• _SUPPLIED MATERIAL_:
______
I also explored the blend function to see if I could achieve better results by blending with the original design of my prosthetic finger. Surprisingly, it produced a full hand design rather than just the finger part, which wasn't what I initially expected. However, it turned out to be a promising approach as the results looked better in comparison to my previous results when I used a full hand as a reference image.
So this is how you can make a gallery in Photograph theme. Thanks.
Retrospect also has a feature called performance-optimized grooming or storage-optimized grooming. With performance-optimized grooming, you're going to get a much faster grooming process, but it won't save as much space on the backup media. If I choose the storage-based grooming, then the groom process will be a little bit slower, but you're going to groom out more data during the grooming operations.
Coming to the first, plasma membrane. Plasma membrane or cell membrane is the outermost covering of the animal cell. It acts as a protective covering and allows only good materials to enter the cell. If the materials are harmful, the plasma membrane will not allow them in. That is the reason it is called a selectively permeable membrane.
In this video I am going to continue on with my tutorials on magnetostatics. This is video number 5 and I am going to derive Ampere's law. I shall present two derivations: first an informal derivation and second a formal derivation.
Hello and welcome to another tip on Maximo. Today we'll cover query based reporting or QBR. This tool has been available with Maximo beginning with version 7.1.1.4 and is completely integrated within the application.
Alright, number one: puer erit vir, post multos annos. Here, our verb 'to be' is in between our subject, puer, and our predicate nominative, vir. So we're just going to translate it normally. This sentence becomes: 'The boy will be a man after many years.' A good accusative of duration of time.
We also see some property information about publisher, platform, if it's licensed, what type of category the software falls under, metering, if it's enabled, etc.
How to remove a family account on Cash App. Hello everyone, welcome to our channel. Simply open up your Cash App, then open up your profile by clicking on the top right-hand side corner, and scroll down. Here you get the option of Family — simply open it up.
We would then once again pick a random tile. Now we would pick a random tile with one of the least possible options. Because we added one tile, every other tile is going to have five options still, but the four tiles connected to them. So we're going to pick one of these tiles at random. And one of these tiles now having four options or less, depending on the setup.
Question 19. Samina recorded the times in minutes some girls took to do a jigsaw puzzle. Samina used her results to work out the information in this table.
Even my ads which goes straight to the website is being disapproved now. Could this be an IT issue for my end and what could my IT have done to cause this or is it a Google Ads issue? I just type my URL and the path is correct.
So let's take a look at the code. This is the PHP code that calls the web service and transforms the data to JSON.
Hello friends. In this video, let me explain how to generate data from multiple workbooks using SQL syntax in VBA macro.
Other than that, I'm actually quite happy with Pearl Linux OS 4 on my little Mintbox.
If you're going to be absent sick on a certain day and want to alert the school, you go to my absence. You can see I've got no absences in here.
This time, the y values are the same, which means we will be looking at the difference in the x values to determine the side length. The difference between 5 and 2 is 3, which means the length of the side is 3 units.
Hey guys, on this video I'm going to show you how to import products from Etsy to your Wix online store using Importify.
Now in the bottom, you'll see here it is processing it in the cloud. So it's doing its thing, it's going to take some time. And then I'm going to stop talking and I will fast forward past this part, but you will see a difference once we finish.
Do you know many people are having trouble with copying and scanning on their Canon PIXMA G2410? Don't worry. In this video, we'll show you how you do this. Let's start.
______
• _ACTIVITY_:
Give the listing again in full, with every line intact.

• _RESULT_:
I also explored the blend function to see if I could achieve better results by blending with the original design of my prosthetic finger. Surprisingly, it produced a full hand design rather than just the finger part, which wasn't what I initially expected. However, it turned out to be a promising approach as the results looked better in comparison to my previous results when I used a full hand as a reference image.
So this is how you can make a gallery in Photograph theme. Thanks.
Retrospect also has a feature called performance-optimized grooming or storage-optimized grooming. With performance-optimized grooming, you're going to get a much faster grooming process, but it won't save as much space on the backup media. If I choose the storage-based grooming, then the groom process will be a little bit slower, but you're going to groom out more data during the grooming operations.
Coming to the first, plasma membrane. Plasma membrane or cell membrane is the outermost covering of the animal cell. It acts as a protective covering and allows only good materials to enter the cell. If the materials are harmful, the plasma membrane will not allow them in. That is the reason it is called a selectively permeable membrane.
In this video I am going to continue on with my tutorials on magnetostatics. This is video number 5 and I am going to derive Ampere's law. I shall present two derivations: first an informal derivation and second a formal derivation.
Hello and welcome to another tip on Maximo. Today we'll cover query based reporting or QBR. This tool has been available with Maximo beginning with version 7.1.1.4 and is completely integrated within the application.
Alright, number one: puer erit vir, post multos annos. Here, our verb 'to be' is in between our subject, puer, and our predicate nominative, vir. So we're just going to translate it normally. This sentence becomes: 'The boy will be a man after many years.' A good accusative of duration of time.
We also see some property information about publisher, platform, if it's licensed, what type of category the software falls under, metering, if it's enabled, etc.
How to remove a family account on Cash App. Hello everyone, welcome to our channel. Simply open up your Cash App, then open up your profile by clicking on the top right-hand side corner, and scroll down. Here you get the option of Family — simply open it up.
We would then once again pick a random tile. Now we would pick a random tile with one of the least possible options. Because we added one tile, every other tile is going to have five options still, but the four tiles connected to them. So we're going to pick one of these tiles at random. And one of these tiles now having four options or less, depending on the setup.
Question 19. Samina recorded the times in minutes some girls took to do a jigsaw puzzle. Samina used her results to work out the information in this table.
Even my ads which goes straight to the website is being disapproved now. Could this be an IT issue for my end and what could my IT have done to cause this or is it a Google Ads issue? I just type my URL and the path is correct.
So let's take a look at the code. This is the PHP code that calls the web service and transforms the data to JSON.
Hello friends. In this video, let me explain how to generate data from multiple workbooks using SQL syntax in VBA macro.
Other than that, I'm actually quite happy with Pearl Linux OS 4 on my little Mintbox.
If you're going to be absent sick on a certain day and want to alert the school, you go to my absence. You can see I've got no absences in here.
This time, the y values are the same, which means we will be looking at the difference in the x values to determine the side length. The difference between 5 and 2 is 3, which means the length of the side is 3 units.
Hey guys, on this video I'm going to show you how to import products from Etsy to your Wix online store using Importify.
Now in the bottom, you'll see here it is processing it in the cloud. So it's doing its thing, it's going to take some time. And then I'm going to stop talking and I will fast forward past this part, but you will see a difference once we finish.
Do you know many people are having trouble with copying and scanning on their Canon PIXMA G2410? Don't worry. In this video, we'll show you how you do this. Let's start.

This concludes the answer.